Their assertion that they have only been recovering costs is about to be tested in the courts by a class action on behalf of thousands of bank customers who were charged $25 to $60 for being overdrawn on their accounts or credit cards by a few dollars.

The suspicion is these charges are not based on cost recovery but, rather, plucked out of the air. That is also likely to be the case with many of the exit fees that apply to variable mortgages.

Reasonable fees that reflect the lenders' costs are probably in the range of $300 to $600 but some lenders charge several thousand dollars. Laws that came into effect on July 1 give new powers to the Australian Security and Investments Commission (ASIC) to strike out ''unfair'' or ''unconscionable'' exit fees on mortgages that exceed cost recovery. That only applies to new mortgages; those who have a mortgage contract with big exit fees are stuck with them.

The banks argue their increase in fee revenue is mostly driven by customers, households and businesses completing more transactions and buying more products and services. But that is only partly true; the level of fees, overall, has been rising.

While the fees rightly raise the hackles of consumers, banks make most of their money out of mortgages. Australian borrowers pay big interest margins - the gap between what it costs the banks to raise funds and the interest rates they charge on their loans. The banks that have increased their mortgage- and business-loan interest rates above the rise in the cash rate continue to assert they had no alternative because their cost of funding had risen.

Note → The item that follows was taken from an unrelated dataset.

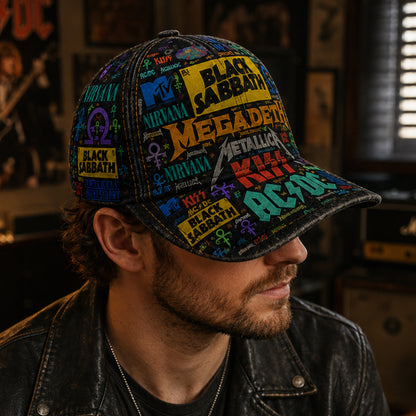 Rock Lovers – Legends Edition Classic Cap Version 98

But the Reserve Bank put paid to that argument in its March bulletin when it said that for the major banks, the increases in lending rates had more than fully offset their higher funding costs, with their net interest margins in late 2009 about 20 basis points to 25 basis points above pre-crisis levels.

What we have seen since the onset of the GFC is a massive transfer of wealth from consumers to the banks. Why has this happened? The answer is simple. The banks make record profits and charge their customers over the odds simply because they can.

The lack of competition has been the main driver for the banks' behaviour. The Australian Competition and Consumer Commission got it wrong when it approved a series of takeovers that saw the big banks gobble up many of their competitors during the GFC, severely diminishing competition.

Unfortunately, there are few signs that the cosy oligopoly enjoyed by the big banks is going to end soon.

This absence of competition makes it all the more important that ASIC uses the new powers it has been given. And it makes it more important that consumers who are not locked into their mortgages by hefty exit fees take up any better deals on offer from the big banks' rivals.